Carmelite orders are and order that focus on finding the higher up with prayer and meditation. “how would you find peace in chaos? You find peace in contemplating silence and prayer” that was what one of the Nuns of the order says. And yes in the world where I am living now chaos and hectic-ness are the norm. Nothing can actually be too quite. There gadget and environmental sound almost everywhere now. So how do we find our own self? In one of the order prayer there is this verse which say “all things are passing; only God is changeless. Patience gains all thing”.. I pin up that prayer on my cubicle and every time I need to find myself.
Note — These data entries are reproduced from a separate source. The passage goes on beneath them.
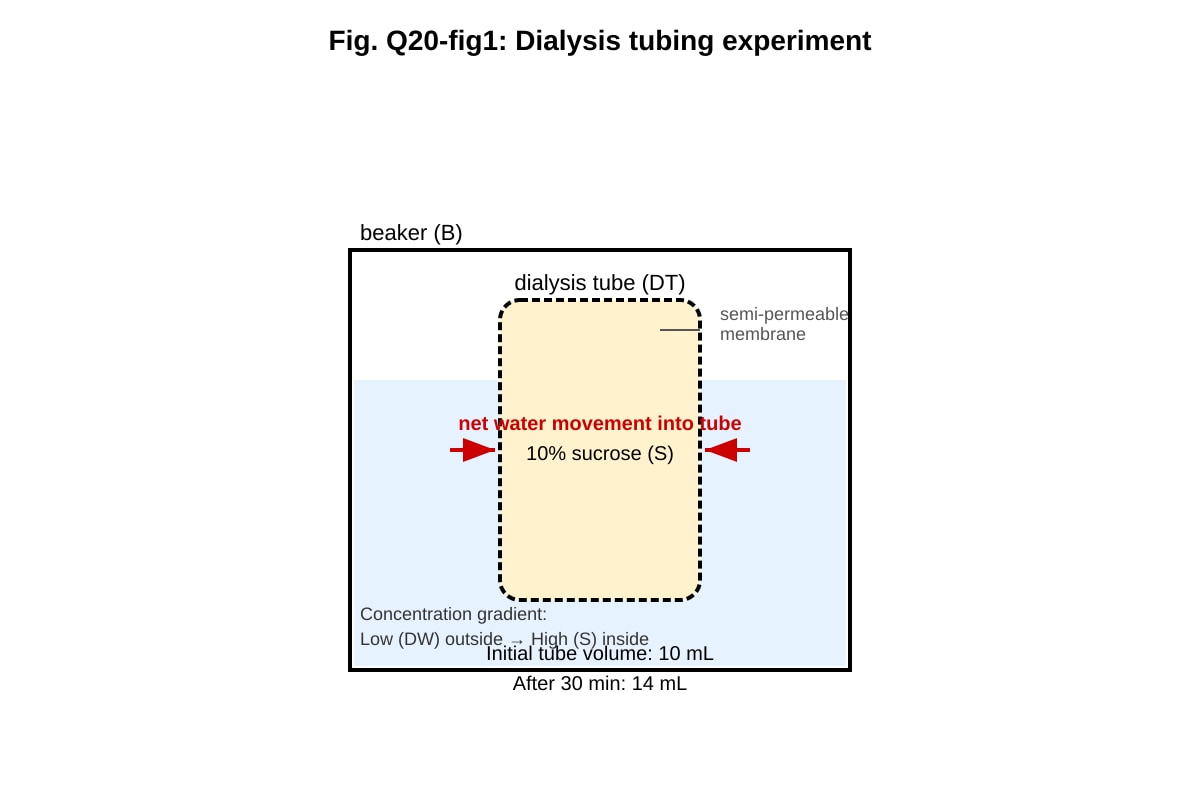 Experimental Setup for Q20 (ALEVEL Biology H2)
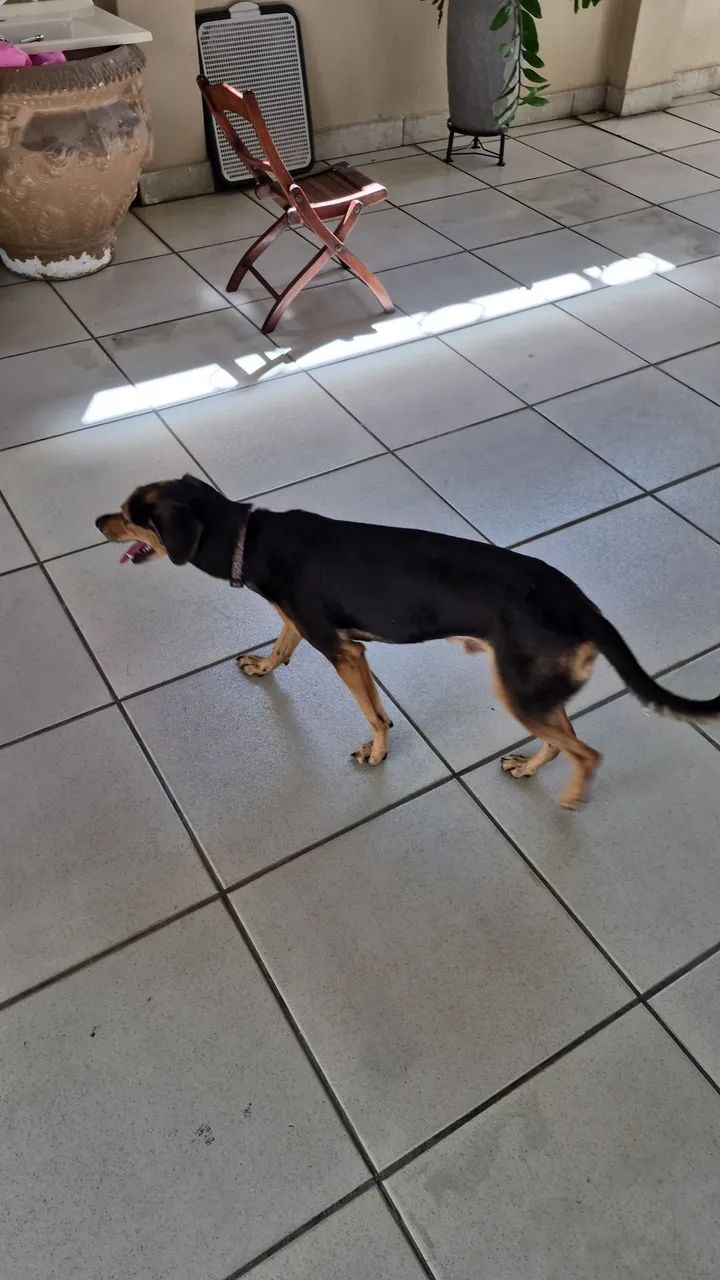 Doação de cachorro! - Foto 3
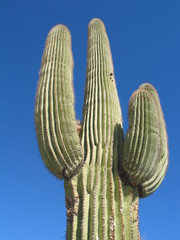 saguaro cactus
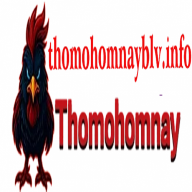 thomohomnayblvinfo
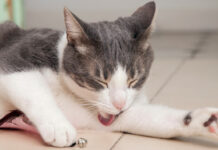 Άνοδος στην αγορά προϊόντων δέρματος και τριχώματος Αγορά προϊόντων δέρματος και τριχώματος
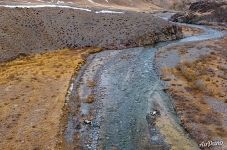 Аргали в долине реки Баян-Чаган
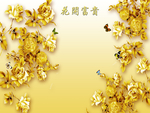 花开富贵金菊花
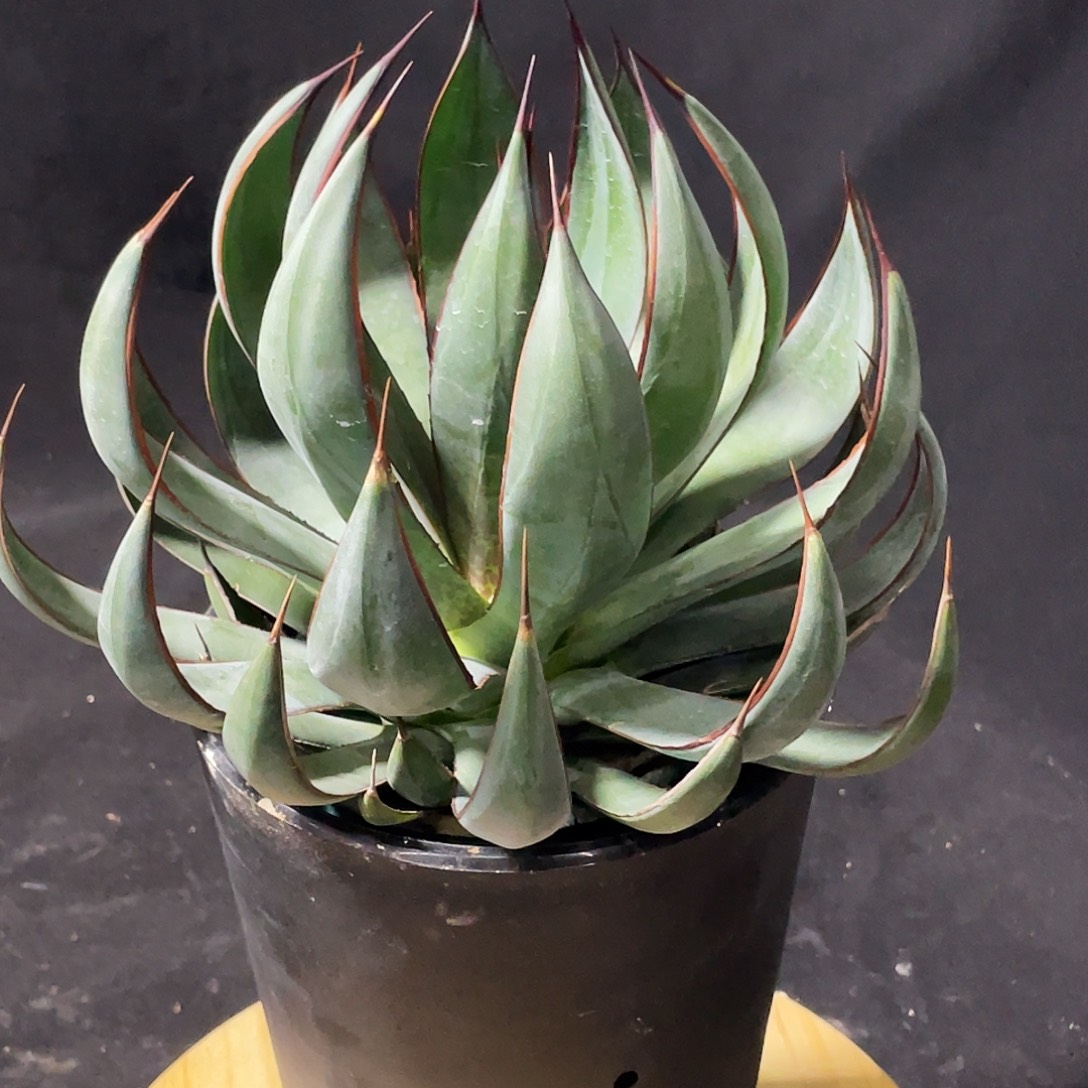 上帝之手6666666666666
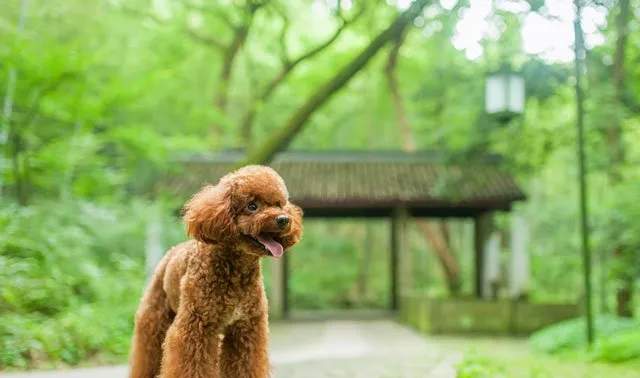 泰迪控专属|一组泰迪犬高清写真图片 | 宠物狗图片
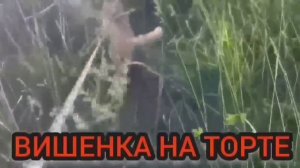 КУШАЙ, ПЕЙ И НЕ ХУДЕЙ, ПОПРАВЛЯЙСЯ ПОЖИРНЕЙ! ОЛЬГА УРАЛ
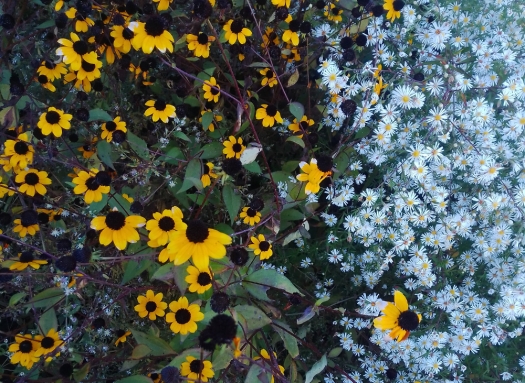 Yellow Brown-Eyed Susans and white Wood Asters
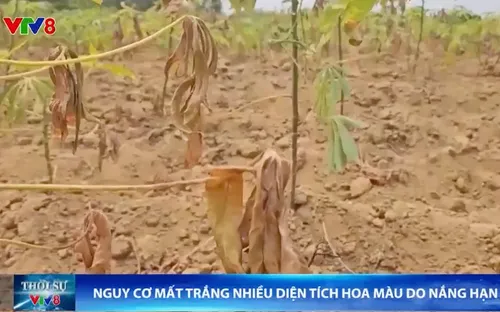 Nguy cơ mất trắng nhiều diện tích hoa màu do nắng hạn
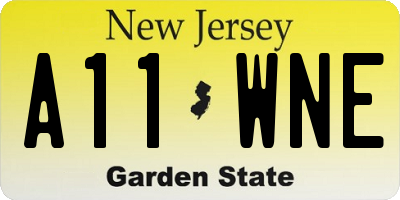 NJ license plate A11WNE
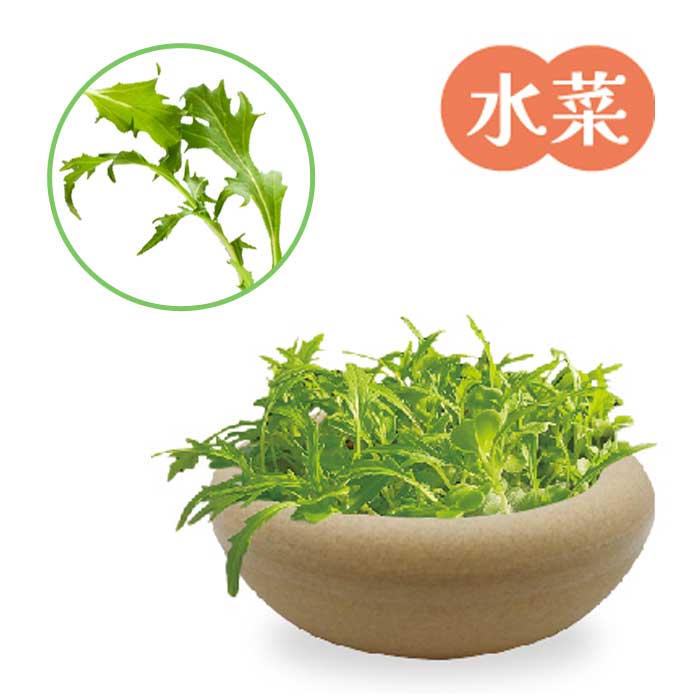 花の大和 プリムレア 野菜 栽培キット 4号鉢 全6品種 浅鉢 土いらず 手 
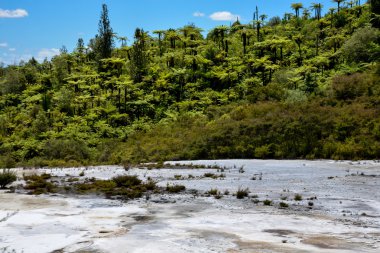 Doğal yağmur ormanları manzara Orakei Korako jeotermal Park, Yeni Zelanda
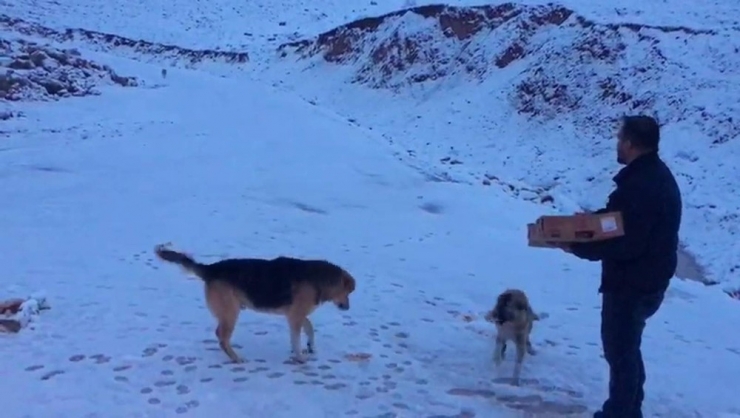 Siirt’te Aç Kalan Hayvanlar İçin Doğaya Yem Bırakıldı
The prayer really does help.


31 June 2015 my grandma pass away, my heart sunk and broken since the last time I saw her was last December. I could not hug her tightly that time because she seem fragile, I was afraid that I might hurt her if I gave her a hug, I was only able to give her a kiss and hold her hand for a while. Franticly I went to find a flight ticket back home but to no avail. I might have missed the funeral. The morning after I saw the prayers pin-up on my cubicle and start to recite it over and over again to find a way to calm my heart. A few moment after I got a call and it’s a friend whom got me a flight ticket that evening. I was thankful to my friend because if not I would had regret it for the rest of my life. When I was on board that flight my tears can’t stop flowing for the whole two hour journey. Yet it was not because mow she are gone, it was because I was remembering everything my grandma had done for me on during my younger years. I guess I always thought she be there forever. “All things are passing” now I understand.